◆ Brief ◆
In the records below, find the line that contains "Blazer marrone con". Retype that line and all the lines after it through the end, leaving out the pictures.

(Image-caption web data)
********

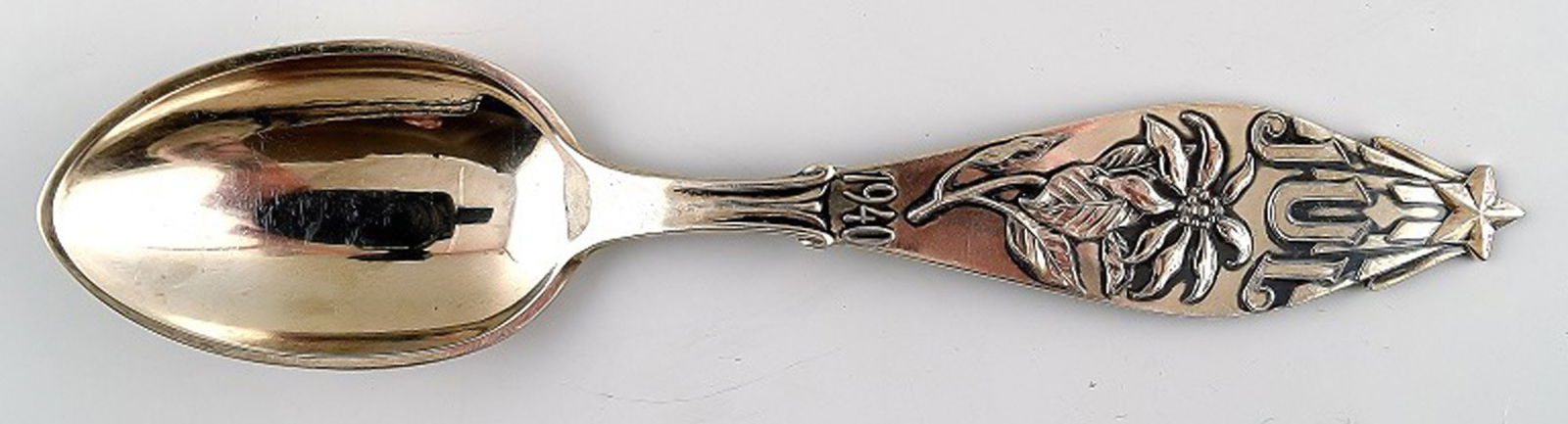 Christmas Spoon from 1940. Produced by Grann and Laglye, Copenhagen.: Title:Christmas Spoon from 1940. Produced by Grann and Laglye, Copenhagen.Description:Christmas Spoon from 1940. Produced by Grann and Laglye, Copenhagen. In fine condition. Measures: 18 cm. 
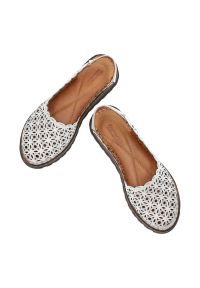 Białe Sandały Artiker Skórzane Buty Damskie. Okazja: na spacer. Nosek buta: otwarty. Zapięcie: rzepy. Kolor: biały. Materiał: skóra. Wzór: ażurowy, kwiaty. Sezon: lato. Styl: elegancki #5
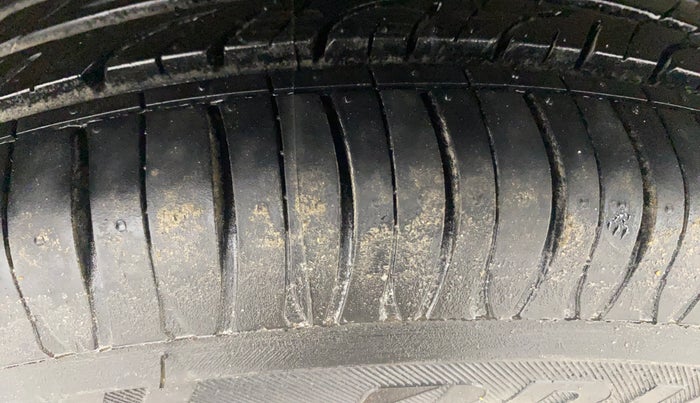 2016 Maruti Celerio ZXI AMT, Petrol, Automatic, 72,195 km, Right Rear Tyre Tread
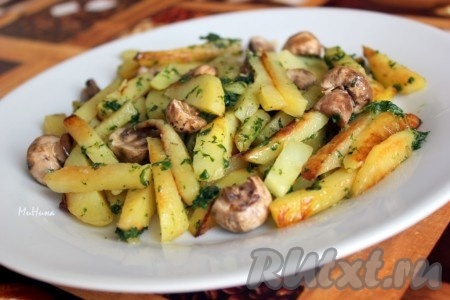 Жареный картофель с розмарином, шпинатом и шампиньонами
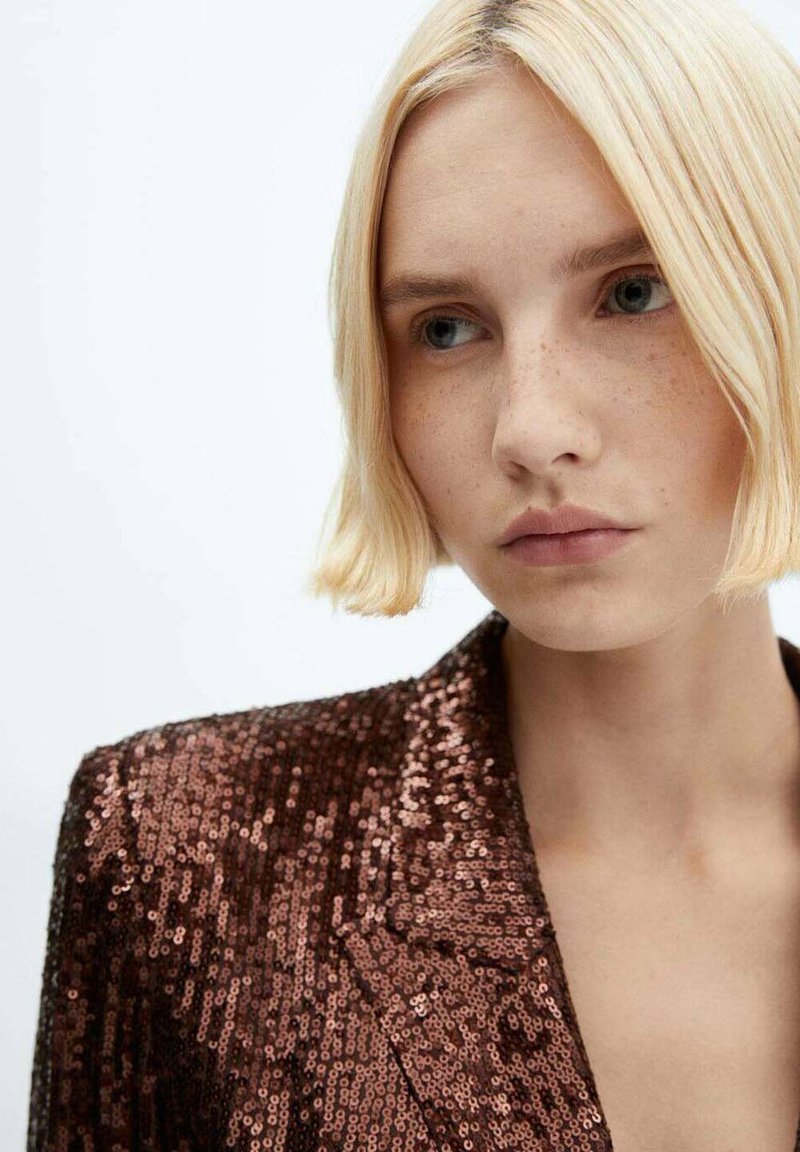 Blazer marrone con paillettes, dal design del colletto strutturato e dalla vestibilità aderente, caratterizzato da una texture lucida e dettagli scintillanti.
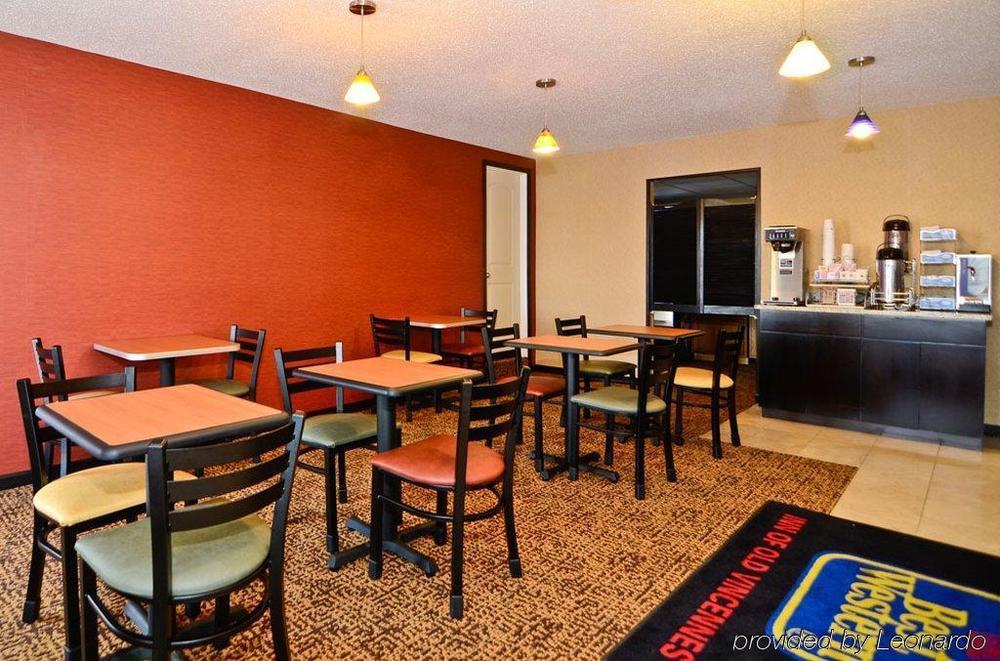 Red Roof Inn Vincennes Restaurant photo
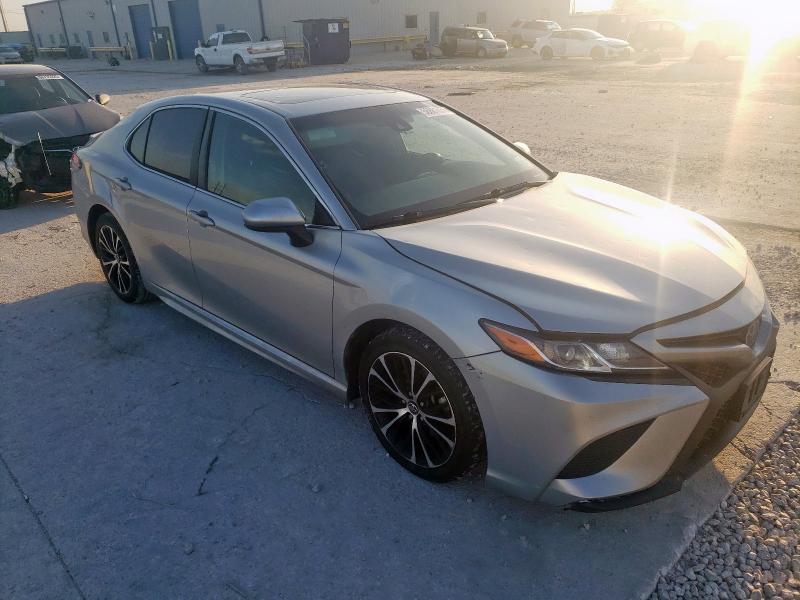  TOYOTA CAMRY 2018 Srebrny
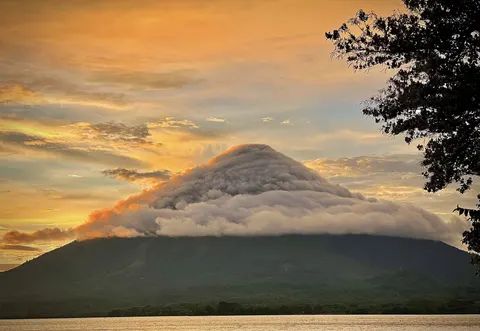 A picturesque view of a mountain with a cloud-covered peak,  4K Wallpaper · nature · 3840×2651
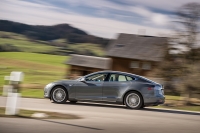Tesla Model S błyszczy także w Szwajcarii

********

◆ Task response ◆
 Blazer marrone con paillettes, dal design del colletto strutturato e dalla vestibilità aderente, caratterizzato da una texture lucida e dettagli scintillanti.
 Red Roof Inn Vincennes Restaurant photo
  TOYOTA CAMRY 2018 Srebrny
 A picturesque view of a mountain with a cloud-covered peak,  4K Wallpaper · nature · 3840×2651
Tesla Model S błyszczy także w Szwajcarii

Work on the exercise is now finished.